The US Supreme Court has agreed to hear the case of the Trump policy set down in the public charge case. What that policy did was to deny green cards to immigrants who would end up living on government freebies.
The Trump policy defined “public charge” as an immigrant who receives one or more designated public benefits for more than 12 months within a 36-month period.
Many government benefits are finite. In other words, once they are out of money for the year, such as in the case of HUD grants, no one else can collect benefits, no matter how badly off they might be. The idea is to preserve those benefits for American citizens. That is just common sense. But, the Biden administration that favors illegal aliens over the hated American citizens tried to stop the policy and allow as much feeding at the government trough by non-citizens as possible.

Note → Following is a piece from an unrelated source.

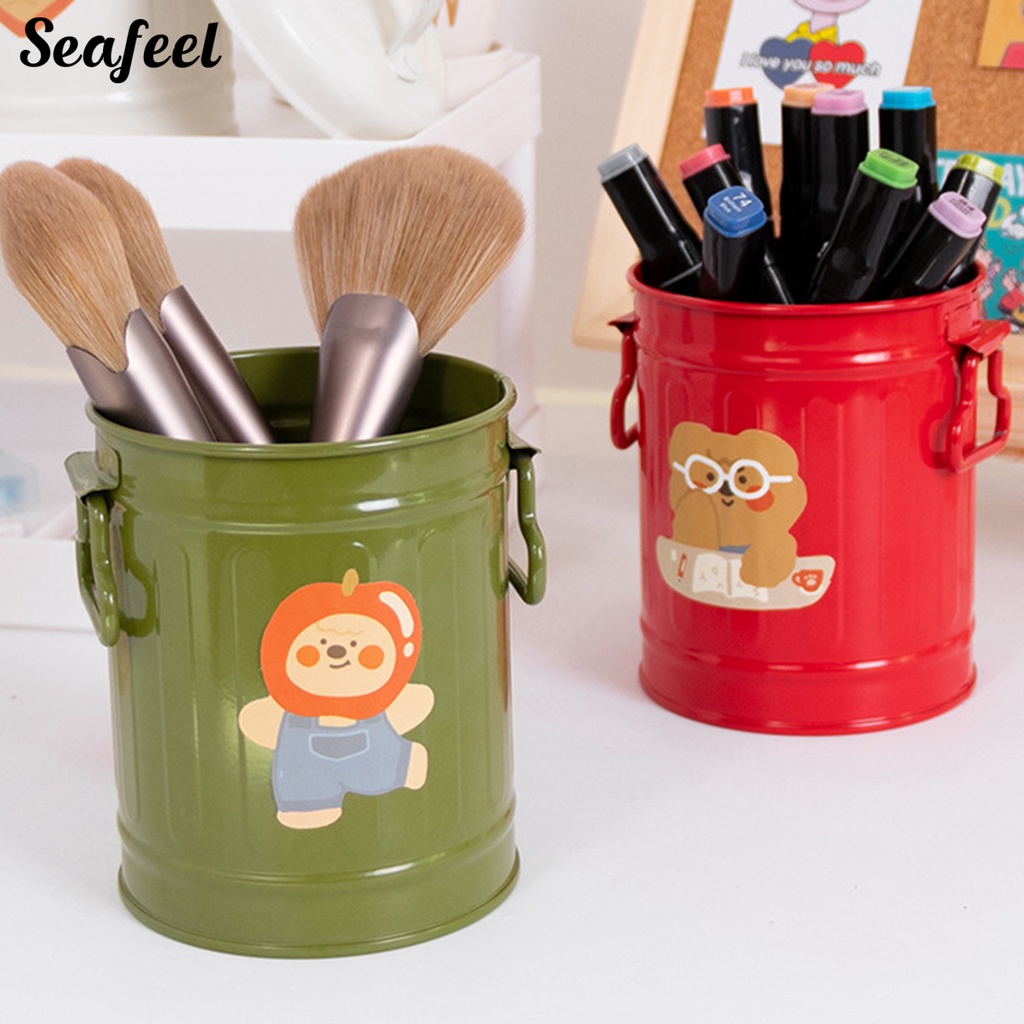 Giá Đỡ Cọ Trang Điểm Bằng Sắt Sức Chứa Lớn Dễ Thương Cho Học Sinh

After the case moved to the Supreme Court, the Biden administration said that they refused to defend the public charge rule. That is when eleven states stepped in and decided they would defend the case themselves. Arizona AG Mark Brnovich is leading the charge.
The other states defending the rule include Alabama, Arkansas, Indiana, Kansas, Louisiana, Mississippi, Montana, Missouri, Oklahoma, Texas, and West Virginia.
The concept behind the public charge rule instituted by President Trump was a simple one. It favored immigrants who would not be dependent on the federal government for their livelihood. But, Biden wants to reverse that for the simple reason that those who live off the government without paying taxes are much more likely to vote for Democrats, the taxpayers be damned.
The rule was struck down by the Ninth Circuit Court of Appeals, but after the Supreme Court agreed to hear the case, the Biden administration said it would not seek to defend the rule in court.
“The 2019 public charge rule was not in keeping with our nation’s values. It penalized those who access health benefits and other government services available to them,” DHS Secretary Alejandro Mayorkas said in March.
As a result, a coalition of 11 Republican states led by Arizona sought to intervene to defend the rule, petitioning the Court to accept review of the case and have it heard in full. They accused the Biden administration of surrendering the case in a way that had been done by no prior administration.